Every year, police in Baltimore City respond to thousands of calls related to domestic violence. Officers arrest and charge abusive partners, judges issue protective orders to women who fear for their lives, and domestic violence counselors struggle to help battered women and their children recover from the physical and emotional traumas they have suffered. Yet despite the resources of time, money and manpower invested in these efforts, the killing hasn't stopped, or even slowed appreciably. So far this year there have already been five domestic homicides in Baltimore City, compared to six during all of 2012.

Nevertheless, there are steps society can take to help the victims of domestic violence. One bill being considered by the General Assembly this year, sponsored by Washington County Republican Sen. Christopher B. Shank, would allow judges to issue protective orders to women who are not related to abusive partners through marriage or by having children together. A second bill, backed by Attorney General Douglas F. Ganlser, would increase the jail time for offenders who commit acts of domestic violence in the presence of a minor. Both measures would give police, prosecutors and judges greater power to protect women and their children from abusive partners.


Under current Maryland law, only certain victims of domestic violence — spouses, relatives, people living together, vulnerable people and people with a child together — can obtain a protective order from a court that bars an abusive partner from harassing, intimidating or threatening them. The protective order sets relatively strict limits on an abuser's ability to communicate with their victims or approach their person, home, school or workplace.

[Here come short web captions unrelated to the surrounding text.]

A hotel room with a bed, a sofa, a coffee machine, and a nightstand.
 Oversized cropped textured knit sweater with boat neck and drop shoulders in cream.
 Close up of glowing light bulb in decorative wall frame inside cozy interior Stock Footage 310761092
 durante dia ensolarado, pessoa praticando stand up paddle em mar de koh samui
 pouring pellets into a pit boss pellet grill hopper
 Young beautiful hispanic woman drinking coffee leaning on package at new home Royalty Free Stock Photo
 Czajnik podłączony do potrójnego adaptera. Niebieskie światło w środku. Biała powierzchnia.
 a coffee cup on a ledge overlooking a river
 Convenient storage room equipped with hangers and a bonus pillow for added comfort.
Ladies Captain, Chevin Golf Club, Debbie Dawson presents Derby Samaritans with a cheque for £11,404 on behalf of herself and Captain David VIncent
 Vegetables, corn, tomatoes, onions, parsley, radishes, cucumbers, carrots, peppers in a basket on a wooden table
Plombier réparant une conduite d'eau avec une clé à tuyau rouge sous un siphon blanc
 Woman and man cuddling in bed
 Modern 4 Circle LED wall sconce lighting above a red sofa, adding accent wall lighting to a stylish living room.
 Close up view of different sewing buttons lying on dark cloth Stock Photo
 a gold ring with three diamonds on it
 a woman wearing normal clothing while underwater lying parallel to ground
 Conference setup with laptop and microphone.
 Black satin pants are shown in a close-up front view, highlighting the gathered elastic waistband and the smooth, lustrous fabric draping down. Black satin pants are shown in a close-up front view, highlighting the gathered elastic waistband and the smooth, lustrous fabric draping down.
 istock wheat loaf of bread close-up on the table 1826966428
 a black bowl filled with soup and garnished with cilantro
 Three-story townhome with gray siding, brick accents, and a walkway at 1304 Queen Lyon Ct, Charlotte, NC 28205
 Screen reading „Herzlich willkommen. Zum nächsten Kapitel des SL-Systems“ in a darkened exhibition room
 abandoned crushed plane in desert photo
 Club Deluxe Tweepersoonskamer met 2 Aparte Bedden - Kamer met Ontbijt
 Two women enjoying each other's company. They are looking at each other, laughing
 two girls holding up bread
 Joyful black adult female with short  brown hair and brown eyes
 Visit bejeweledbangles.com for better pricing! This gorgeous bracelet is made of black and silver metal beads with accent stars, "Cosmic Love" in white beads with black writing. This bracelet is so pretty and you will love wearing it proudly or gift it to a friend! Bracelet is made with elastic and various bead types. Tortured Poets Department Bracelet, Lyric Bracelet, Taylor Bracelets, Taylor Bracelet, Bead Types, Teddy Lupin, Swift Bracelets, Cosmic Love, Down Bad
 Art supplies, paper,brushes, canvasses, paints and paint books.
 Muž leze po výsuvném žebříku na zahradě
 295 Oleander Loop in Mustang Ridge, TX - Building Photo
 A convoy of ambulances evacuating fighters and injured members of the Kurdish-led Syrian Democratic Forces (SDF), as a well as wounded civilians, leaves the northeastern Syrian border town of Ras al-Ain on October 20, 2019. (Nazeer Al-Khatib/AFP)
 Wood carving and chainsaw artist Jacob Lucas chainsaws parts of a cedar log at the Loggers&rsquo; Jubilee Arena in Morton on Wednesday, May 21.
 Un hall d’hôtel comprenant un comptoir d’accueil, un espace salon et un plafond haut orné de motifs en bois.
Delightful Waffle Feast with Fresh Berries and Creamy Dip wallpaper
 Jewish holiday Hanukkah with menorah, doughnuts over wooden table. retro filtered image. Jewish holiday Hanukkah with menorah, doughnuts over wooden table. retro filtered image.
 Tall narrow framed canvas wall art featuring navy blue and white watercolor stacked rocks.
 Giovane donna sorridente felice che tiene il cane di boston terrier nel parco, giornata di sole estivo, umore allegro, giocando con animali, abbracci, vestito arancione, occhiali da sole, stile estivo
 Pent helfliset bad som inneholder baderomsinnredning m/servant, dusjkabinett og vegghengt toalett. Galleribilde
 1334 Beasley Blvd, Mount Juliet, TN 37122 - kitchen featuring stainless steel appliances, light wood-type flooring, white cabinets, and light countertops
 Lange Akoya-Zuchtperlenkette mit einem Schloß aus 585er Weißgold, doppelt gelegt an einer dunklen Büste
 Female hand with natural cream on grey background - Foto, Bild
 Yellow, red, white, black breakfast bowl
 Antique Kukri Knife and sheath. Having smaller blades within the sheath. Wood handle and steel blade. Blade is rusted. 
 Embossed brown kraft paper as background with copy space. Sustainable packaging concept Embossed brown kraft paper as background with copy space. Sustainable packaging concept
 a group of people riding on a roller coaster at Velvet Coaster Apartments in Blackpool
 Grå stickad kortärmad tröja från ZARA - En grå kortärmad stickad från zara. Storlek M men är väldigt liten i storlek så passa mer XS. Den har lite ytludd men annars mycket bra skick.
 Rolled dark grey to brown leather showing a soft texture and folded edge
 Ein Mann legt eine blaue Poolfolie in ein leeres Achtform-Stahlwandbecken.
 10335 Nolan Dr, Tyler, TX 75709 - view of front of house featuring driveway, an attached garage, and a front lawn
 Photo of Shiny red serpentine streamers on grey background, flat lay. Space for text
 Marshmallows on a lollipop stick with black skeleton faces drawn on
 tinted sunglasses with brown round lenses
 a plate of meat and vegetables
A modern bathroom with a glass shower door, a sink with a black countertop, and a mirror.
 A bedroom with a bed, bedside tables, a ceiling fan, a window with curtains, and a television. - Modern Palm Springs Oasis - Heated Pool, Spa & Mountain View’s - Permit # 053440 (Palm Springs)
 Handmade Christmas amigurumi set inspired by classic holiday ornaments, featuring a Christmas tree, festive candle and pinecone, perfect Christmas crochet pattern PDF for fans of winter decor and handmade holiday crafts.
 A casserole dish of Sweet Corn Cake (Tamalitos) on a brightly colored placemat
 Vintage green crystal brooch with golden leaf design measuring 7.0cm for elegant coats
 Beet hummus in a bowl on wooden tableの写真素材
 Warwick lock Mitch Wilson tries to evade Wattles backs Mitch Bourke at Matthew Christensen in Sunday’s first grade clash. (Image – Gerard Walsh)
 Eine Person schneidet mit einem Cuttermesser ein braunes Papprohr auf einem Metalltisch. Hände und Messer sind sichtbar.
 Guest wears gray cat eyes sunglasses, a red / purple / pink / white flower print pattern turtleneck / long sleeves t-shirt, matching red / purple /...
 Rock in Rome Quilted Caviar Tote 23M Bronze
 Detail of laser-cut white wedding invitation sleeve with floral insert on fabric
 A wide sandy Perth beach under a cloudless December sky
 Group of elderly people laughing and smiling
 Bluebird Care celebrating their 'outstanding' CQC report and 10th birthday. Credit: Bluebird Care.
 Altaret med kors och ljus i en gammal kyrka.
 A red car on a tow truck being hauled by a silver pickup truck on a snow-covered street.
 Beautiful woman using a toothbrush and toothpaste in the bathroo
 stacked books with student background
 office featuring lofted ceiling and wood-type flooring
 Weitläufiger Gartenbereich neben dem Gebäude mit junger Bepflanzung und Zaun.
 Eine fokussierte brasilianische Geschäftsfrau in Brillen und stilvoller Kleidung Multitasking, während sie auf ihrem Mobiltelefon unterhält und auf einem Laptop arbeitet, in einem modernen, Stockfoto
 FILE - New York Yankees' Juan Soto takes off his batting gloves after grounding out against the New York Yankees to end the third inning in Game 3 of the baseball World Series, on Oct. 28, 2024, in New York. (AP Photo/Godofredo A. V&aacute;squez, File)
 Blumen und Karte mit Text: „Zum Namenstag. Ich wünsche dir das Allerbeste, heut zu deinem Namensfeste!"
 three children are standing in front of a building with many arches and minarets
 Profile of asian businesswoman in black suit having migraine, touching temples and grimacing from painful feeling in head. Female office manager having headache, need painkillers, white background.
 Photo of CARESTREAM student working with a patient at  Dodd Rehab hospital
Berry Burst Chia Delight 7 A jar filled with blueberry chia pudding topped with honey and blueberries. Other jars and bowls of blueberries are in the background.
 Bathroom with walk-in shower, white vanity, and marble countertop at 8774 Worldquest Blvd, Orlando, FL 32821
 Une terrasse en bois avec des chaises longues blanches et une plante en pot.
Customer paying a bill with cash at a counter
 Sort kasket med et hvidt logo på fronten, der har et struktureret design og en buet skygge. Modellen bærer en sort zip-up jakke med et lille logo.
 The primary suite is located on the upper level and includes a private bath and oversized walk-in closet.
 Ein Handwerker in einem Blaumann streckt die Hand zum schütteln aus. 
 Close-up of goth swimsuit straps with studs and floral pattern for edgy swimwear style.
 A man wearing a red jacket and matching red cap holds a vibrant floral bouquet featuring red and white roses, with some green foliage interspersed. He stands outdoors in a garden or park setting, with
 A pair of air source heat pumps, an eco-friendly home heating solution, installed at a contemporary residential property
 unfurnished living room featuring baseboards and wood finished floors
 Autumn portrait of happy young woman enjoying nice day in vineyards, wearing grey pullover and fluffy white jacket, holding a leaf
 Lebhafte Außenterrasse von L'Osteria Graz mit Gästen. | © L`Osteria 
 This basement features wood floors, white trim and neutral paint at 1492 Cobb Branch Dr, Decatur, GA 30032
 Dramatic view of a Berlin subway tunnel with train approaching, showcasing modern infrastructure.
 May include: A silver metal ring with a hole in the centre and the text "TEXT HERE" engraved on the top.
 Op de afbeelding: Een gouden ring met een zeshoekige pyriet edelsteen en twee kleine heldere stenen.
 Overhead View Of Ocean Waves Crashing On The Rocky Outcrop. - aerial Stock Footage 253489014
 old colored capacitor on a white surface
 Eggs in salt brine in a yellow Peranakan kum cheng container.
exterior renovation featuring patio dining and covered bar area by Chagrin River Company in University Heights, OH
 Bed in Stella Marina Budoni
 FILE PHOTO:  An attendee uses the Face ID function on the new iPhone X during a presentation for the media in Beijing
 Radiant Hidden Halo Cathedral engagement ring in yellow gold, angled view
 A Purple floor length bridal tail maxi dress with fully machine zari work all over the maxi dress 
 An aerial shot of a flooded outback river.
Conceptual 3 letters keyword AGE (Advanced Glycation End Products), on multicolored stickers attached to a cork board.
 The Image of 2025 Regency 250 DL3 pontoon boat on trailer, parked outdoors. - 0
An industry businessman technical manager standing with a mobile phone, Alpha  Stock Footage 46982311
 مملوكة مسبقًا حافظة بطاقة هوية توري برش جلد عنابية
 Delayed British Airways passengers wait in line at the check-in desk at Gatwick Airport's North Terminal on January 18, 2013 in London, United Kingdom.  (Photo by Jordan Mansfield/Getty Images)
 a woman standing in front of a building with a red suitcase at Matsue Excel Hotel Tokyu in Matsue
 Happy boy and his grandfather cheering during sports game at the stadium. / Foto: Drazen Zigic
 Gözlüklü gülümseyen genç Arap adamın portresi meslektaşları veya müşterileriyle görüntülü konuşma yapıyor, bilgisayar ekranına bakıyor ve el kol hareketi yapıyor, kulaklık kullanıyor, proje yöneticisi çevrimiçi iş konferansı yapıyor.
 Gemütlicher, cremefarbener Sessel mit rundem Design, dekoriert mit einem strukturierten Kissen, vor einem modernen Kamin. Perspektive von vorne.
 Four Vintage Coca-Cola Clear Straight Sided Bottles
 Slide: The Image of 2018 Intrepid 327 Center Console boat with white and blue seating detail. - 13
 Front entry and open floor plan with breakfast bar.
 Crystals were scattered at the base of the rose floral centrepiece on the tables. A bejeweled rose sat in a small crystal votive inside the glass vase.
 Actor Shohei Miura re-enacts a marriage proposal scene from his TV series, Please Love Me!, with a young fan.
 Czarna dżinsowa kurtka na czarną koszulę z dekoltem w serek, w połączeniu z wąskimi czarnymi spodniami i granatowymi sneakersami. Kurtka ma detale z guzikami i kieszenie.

Moreover, in issuing a protective order, the judge can also demand that any firearms in the abuser's possession be surrendered to the court for as long as the order remains in effect. Protective orders can be imposed for up to one year, and after that they can be renewed if a judge finds the victim's life remains in danger.

But victims who are neither married to nor living with their abusers — people in dating relationships gone bad — aren't eligible for a formal order of protection. In its place, a judge can issue a temporary "peace order," but the protections it offers are much more limited. For example, peace orders do not require police to conduct a "lethality assessment" to determine the seriousness or imminence of the threat posed by an abuser. Nor does it authorize a judge to confiscate the abuser's guns, an omission that more than once has had tragic consequences for domestic violence victims in Maryland.

Senator Shank's bill, which lawmakers failed to pass last year, would extend to anyone involved in "an intimate dating relationship characterized by the expectation of affectionate involvement" the right to apply for a protective order, greatly strengthening the court's power to deter abuse. The measure was approved by the Senate 45-2 this year but still awaits a hearing in the House.

Another area where deterrence needs strengthening lies in protecting children from the psychological trauma associating with witnessing domestic violence against a parent or caregiver. At one time it was thought that children were only considered victims of domestic violence if they had been physically harmed.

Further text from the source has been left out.